Kyle drew a great sigh of blessed relief that he tried to hide. He reached across to open the door on her side, being careful not to come in contact with the pulpy flesh.

Bony fingers clutched his arm and squeezed with inhuman strength.

“But don’t try to run away from me, lover. You know I’ll find you. I’ll always find you.”

The words were a knife in his heart, all the more painful because he knew they were true. He ground the Jeep into gear and drove off without looking back. He turned several corners aimlessly, finally parking across from a black-painted window with a flickering green neon tube in the shape of a lizard. The lettering read: Salamander Lounge.

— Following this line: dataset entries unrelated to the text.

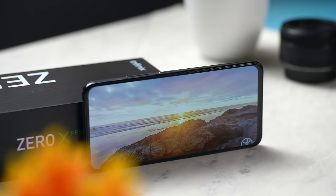Infinix has announced the Zero X Pro. It's got 108MP and it can go up to 60x zoom, which is stated to capture the moon literally. I did it and you'll see it later in this video. All of these and more are what I'll be exploring.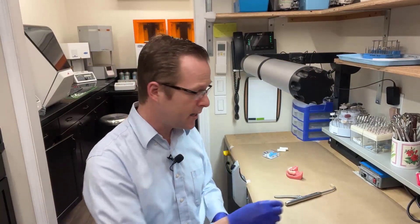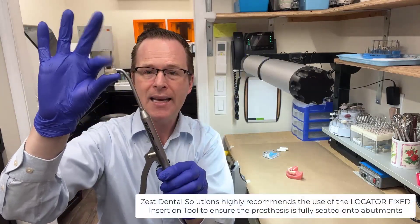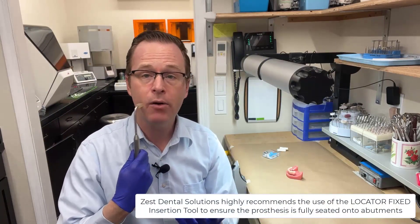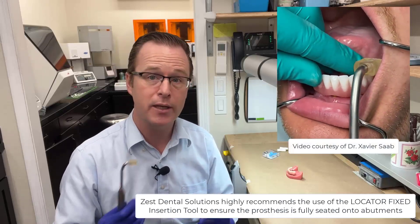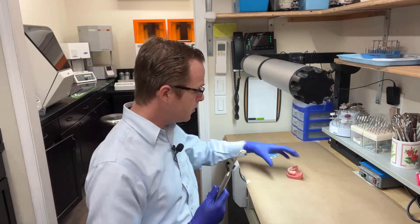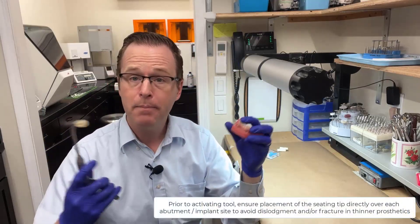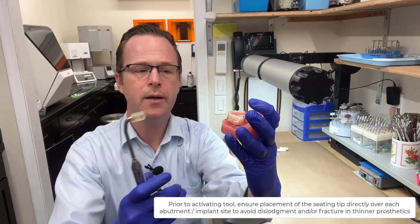Finally, there's the locator fixed insertion tool from Zest. The insertion tool is a crown and bridge tapper-like tool with a padded end. You can take this tool in the area where you'd like to double check that your locator fixed prosthesis is fully engaged, and just tap three times. It doesn't make a large force, just a little bumping force. You tell the patient they'll feel a little bump, and then you go click, click, click, holding it into place.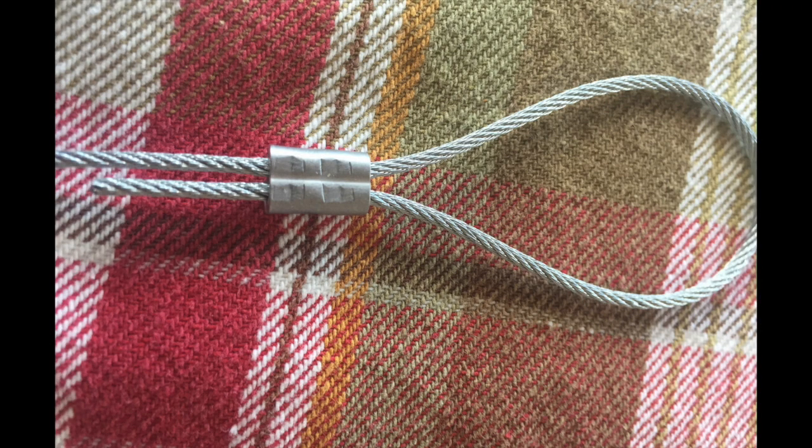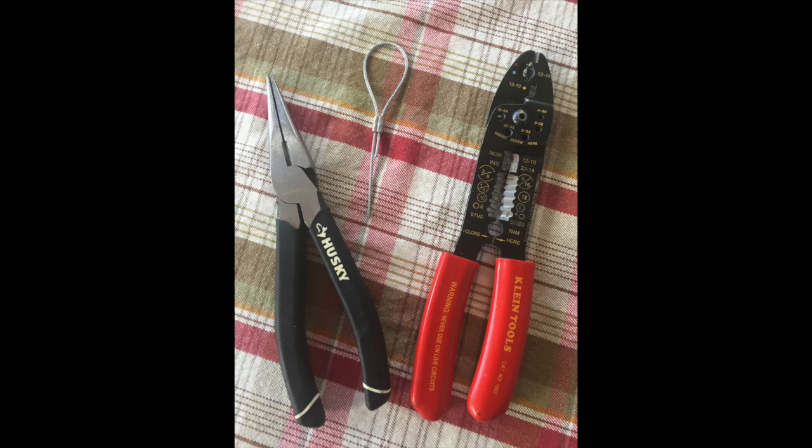And here's a close-up shot of the loop and ferrule. And also, here are some of the tools that were used in making the video. Thanks for watching.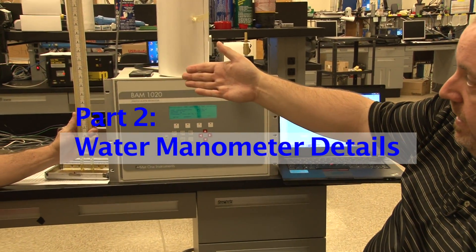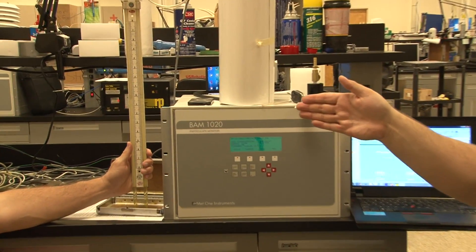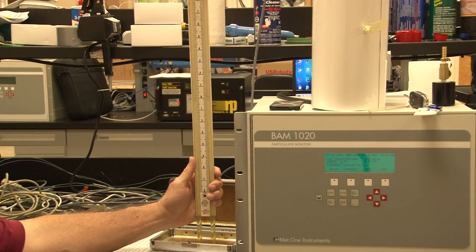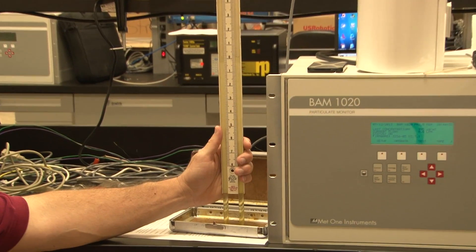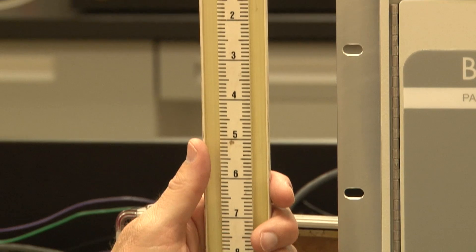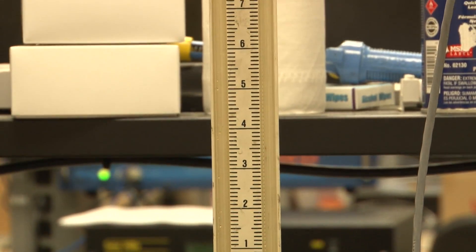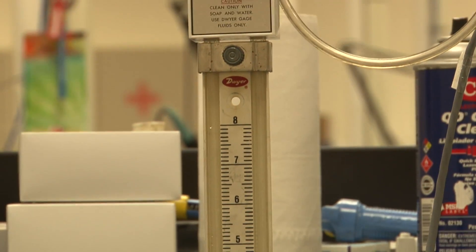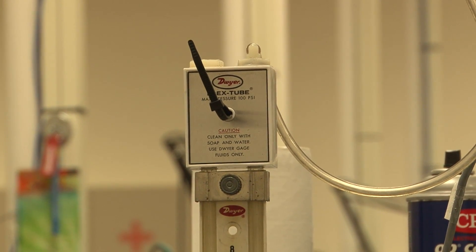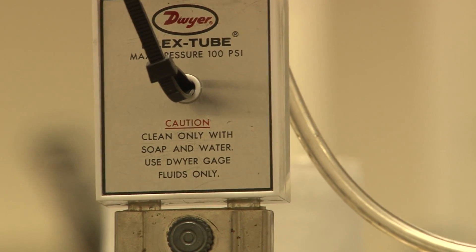What we fill the water manometer with is two parts hydrogen, one part oxygen — general tap water works. Some water manometers do specify Dwyer fluid, but for the sake of this procedure we'll be using just general water. If you use oil, you have to account for the specific gravity of the oil. Water is what we use for these — or DI water, deionized water, which is better than tap water.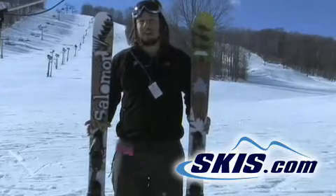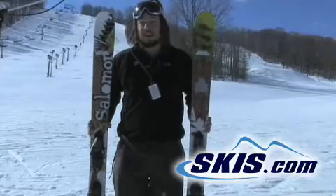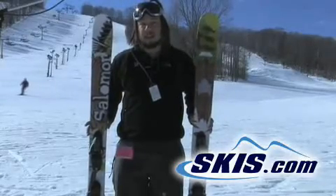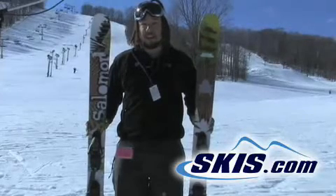I'm David, this is the Salomon Shogun. It's a good all-mountain ski, very light, easy to turn, a little soft. It's got a quick turning radius, kind of mid-range. It was great in the soft snow, nice and easy to turn, good release.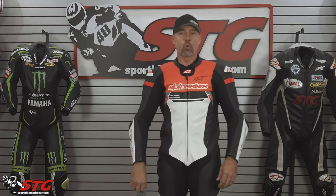Hey, I'm Brian Vann, SportBiketrackgear.com. Today we're going to break down the all-new Alpinestars Missile Ignition V2 one-piece race suit.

Kyle got out of the Jeep and exchanged icy stares with two husky black men who leaned against the wall next to the Salamander.

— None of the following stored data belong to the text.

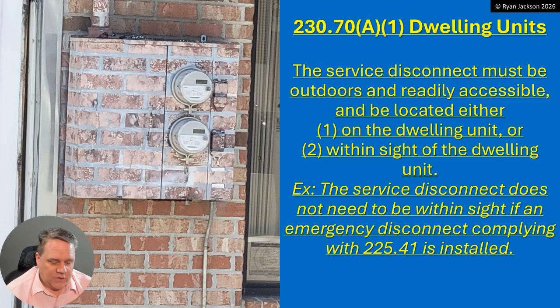The exception says the service disconnect does not need to be within sight if an emergency disconnect that complies with 225.41 is installed. I know — you read the rule saying no more emergency disconnect, then you read the exception and wonder what's going on. Here's the thing: the service equipment is the first place you can shut off the utility — that could be 500 feet or even a mile from your house. You have to have either the service disconnect within sight, or if it's farther away, an emergency shutoff within sight of the house.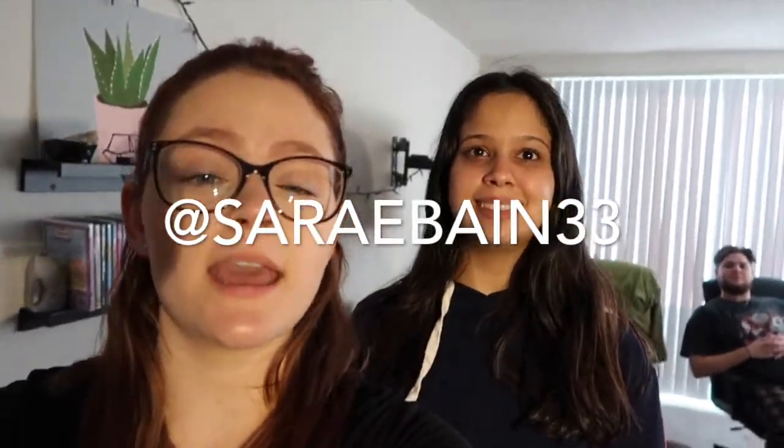Our SMS of the day goes to — I want to say Sarah E., Bane33, or is it Sarai? I'm not sure but I'm gonna put it right here. Thank you so much for watching and supporting us, we appreciate it. Bye!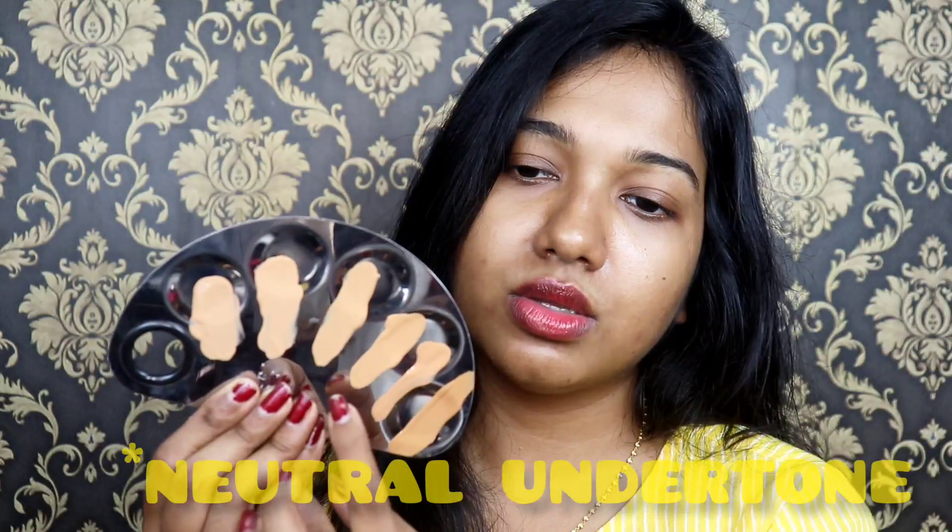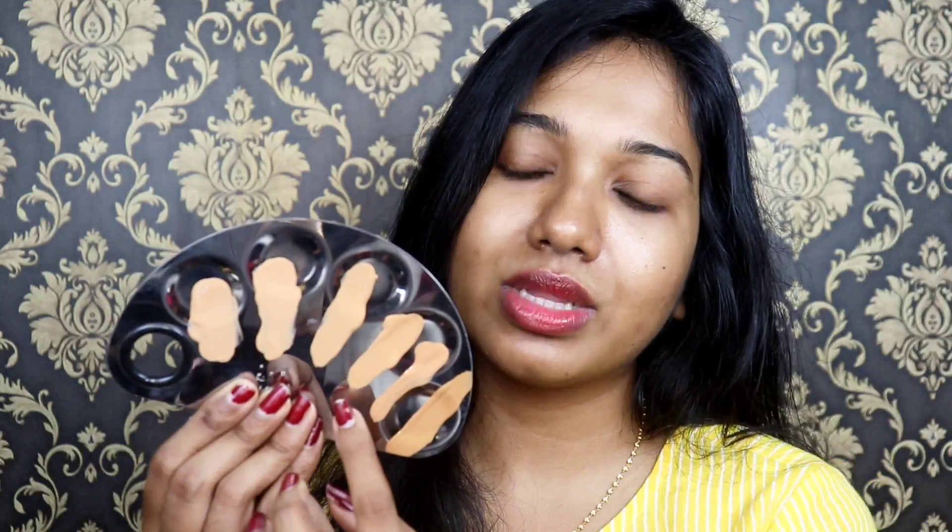NC42 has a warmer undertone with a little pink undertone as well. NC42 is the most commonly used among Indian skin tones. So, what is your makeup tone?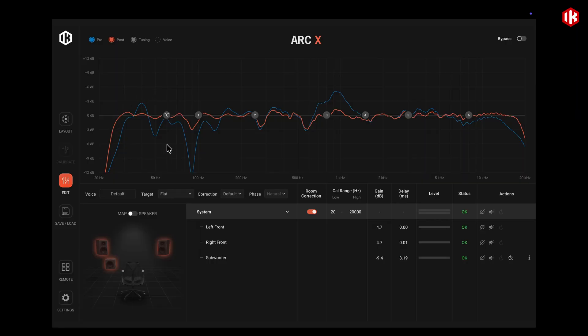In the low end we have a flat response down to 25 hertz and there is a seamless passage between the subwoofer and the top speakers at the crossover zone, meaning that the subwoofer is perfectly aligned with the top speakers. And in fact if we edit and remove the delay from the subwoofer you can see that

Go ahead, jump me. Nobody can do more to me than I’ve done to myself.

The silent men watched him with hooded eyes, but made no move to impede him.

The interior of the Salamander Lounge smelled like a toilet. So accustomed was Kyle to the odor of rot, that he barely noticed. The lighting was dim to the point of gloom. The patrons were indistinguishable from the derelicts who shuffled along the street outside. Grimy hands, unshaven faces, ragged clothes, and narrow, nervous eyes. None of them paid much attention, and Kyle realized with a jolt that after his marathon drive across the country he looked like one of them.

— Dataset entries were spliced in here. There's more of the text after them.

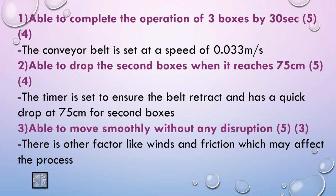The criteria for completing the operation of three boxes by 30 seconds with weighting 5 is given 4 marks because the conveyor belt is set at a speed of 0.033 meters per second. The criteria for dropping the second box when it reaches 75 cm with weighting 5 is given 4 marks because the timer is set to ensure the belt retracts and has a quick drop. The criteria for moving smoothly without any disruptions with weighting 5 is given 3 marks because other factors like wind and friction may affect the process.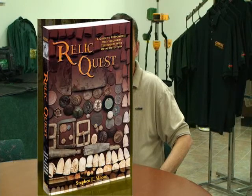So hopefully there will be a few tips in here, a few things that will come in handy for those getting into relic hunting. Relic Quest is available from Garrett retailers and metal detector dealers. You can find out more about it on the Garrett website by going to the Hobby Division and under RAM Books. The suggested retail price is $22.95, though your local Garrett dealer may have a different price, so definitely check to see what kind of special they might be running.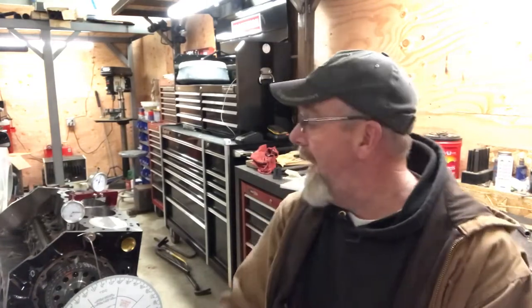Welcome to the Ordinary Guy Garage. I'm Scott, an ordinary guy, and today we are finally doing it — working on the small block for the S10.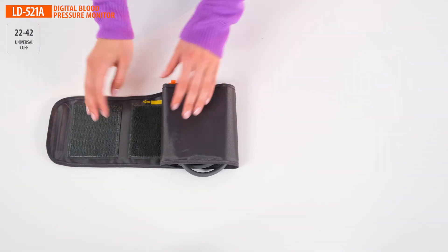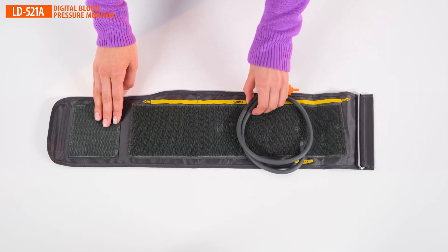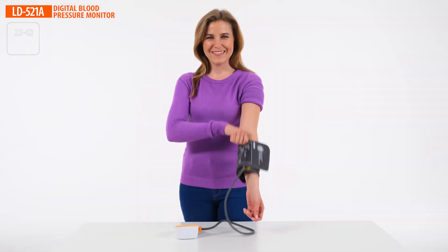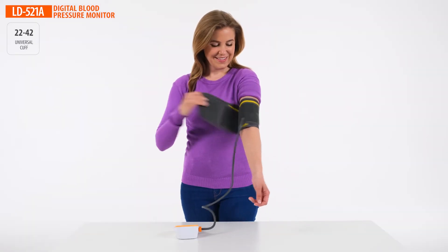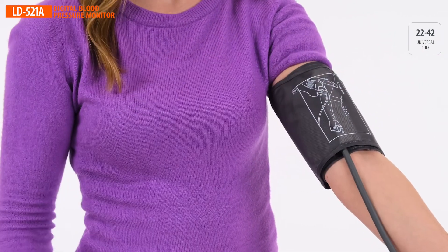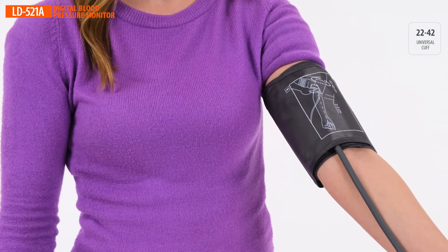The universal cuff with a metal ring is easily handled by the patient. The cuff is suitable for an arm circumference of between 22 and 42 centimeters, so it will fit every family member.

“Beer,” he told the bartender, a black man with the upper torso of a pro lineman.

“What kind?”

“Whatever you got.”

“Two dollars.” He waited until Kyle had fished out the change and laid it on the bar before heading for the cooler. He brought back a can of Old Milwaukee. “You need a glass?”

Kyle shook his head. He popped the can and tilted it to his lips. The beer was cold and good and went down with a bite. He set the can down and belched.

“Excuse me,” he said, purely by reflex. Nobody paid any attention.

A movement reflected in the streaky mirror behind the bar caught his eye. He turned. In the doorway stood the frail Gypsy boy from the carnival.

“Hey!” he called.

The boy wheeled and disappeared.

Leaving his beer unfinished, Kyle pushed away from the bar and ran to the doorway. He reached the sidewalk in time to see the boy dart into an alley several doors away. With no time to cross the street and get the Jeep turned around, Kyle pounded after him.

The alley was an obstacle course of trash cans, cartons, broken packing crates, makeshift bedrolls. A rat scuttled from a clutter of cans as Kyle crashed through them. The Gypsy boy, fleet as a deer, vanished down the next street. Breathing hard, Kyle reached the far end of the alley. He ran down the sidewalk in the direction the boy had gone, but slowed as he saw the many dark doorways and air shafts, with another alley ahead.

He jogged to a stop. What the hell was he chasing the kid for, anyway? Just a crazy impulse. He fucking sure didn’t need more grief from the Gypsy. With hands jammed in his pockets he plodded back in the direction from which he had come.